> About this task
The listing below is to be duplicated exactly, with every picture omitted.

> Data to use
────────────────────
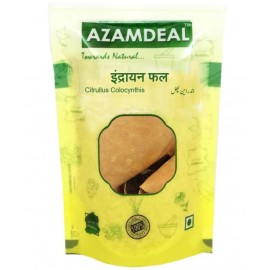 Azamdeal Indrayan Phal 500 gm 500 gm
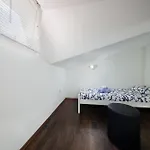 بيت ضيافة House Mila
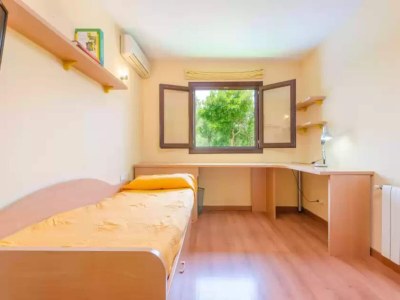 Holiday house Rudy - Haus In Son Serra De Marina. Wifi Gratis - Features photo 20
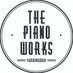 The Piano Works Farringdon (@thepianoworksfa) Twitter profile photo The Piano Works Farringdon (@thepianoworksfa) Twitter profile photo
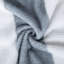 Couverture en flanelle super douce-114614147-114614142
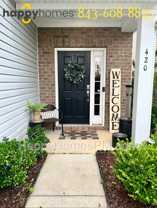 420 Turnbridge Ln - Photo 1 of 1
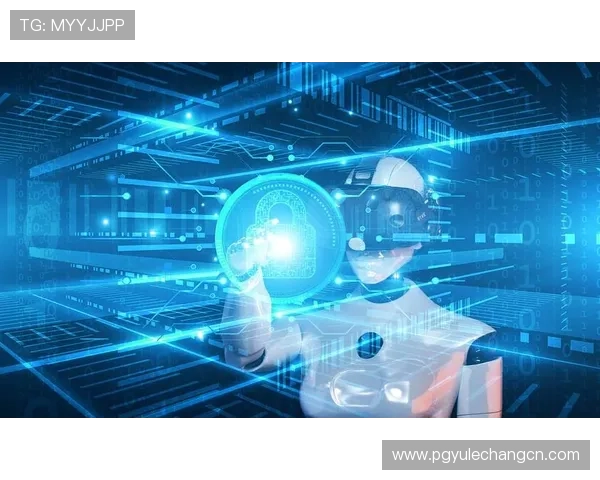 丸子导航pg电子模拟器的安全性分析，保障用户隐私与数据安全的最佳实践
────────────────────
> Result for this exercise
 Azamdeal Indrayan Phal 500 gm 500 gm
 بيت ضيافة House Mila
 Holiday house Rudy - Haus In Son Serra De Marina. Wifi Gratis - Features photo 20
 The Piano Works Farringdon (@thepianoworksfa) Twitter profile photo The Piano Works Farringdon (@thepianoworksfa) Twitter profile photo
 Couverture en flanelle super douce-114614147-114614142
 420 Turnbridge Ln - Photo 1 of 1
 丸子导航pg电子模拟器的安全性分析，保障用户隐私与数据安全的最佳实践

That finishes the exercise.